Not long ago my friend Haddon Willmer lent me a book, as he shares my interest and concern for our world’s environment. It was the autobiography of Sir John Houghton, former Chief Executive of the Meteorological Office, and a committed Christian. I have indeed enjoyed reading it; it is interesting, informative and also challenging. Sir John was very much involved in setting up the Intergovernmental Panel on Climate Change (IPCC), of which he served as Chairman while they produced their first three reports. He is a scientist, and his faith and commitment to truth shine throughout the book.
Inspired by John Houghton’s thoughts, in this piece I shall attempt to set out why I believe as Christians, we should take the stewardship of our world more seriously than we often do. The following points largely come from Sir John’s book.
- The world faces serious environmental problems, mostly on a global scale.

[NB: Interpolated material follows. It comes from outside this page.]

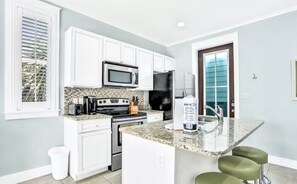 A kitchen with white cabinets, a microwave, a stove, a refrigerator, and a granite countertop. - Moonlight and Starlight Escape (Panama City Beach)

- Looking after the earth is a God-given responsibility. Not to look after the earth is a sin.
- Christians need to re-emphasise that the doctrines of creation, incarnation and resurrection belong together. The spiritual is not to be seen as separate from the material. A thoroughgoing theology of the environment needs to be developed.
- Our stewardship of the earth, as Christians, is to be pursued in dependence on and in partnership with God.
- The application of science and technology is an important component of stewardship. Humility is an essential ingredient in the pursuit and application of science and technology – and in the exercise of stewardship
- All of this provides an enormous opportunity for the church, which has too much ignored the earth and the environment and neglected the importance of creation and its place in the overall Christian message.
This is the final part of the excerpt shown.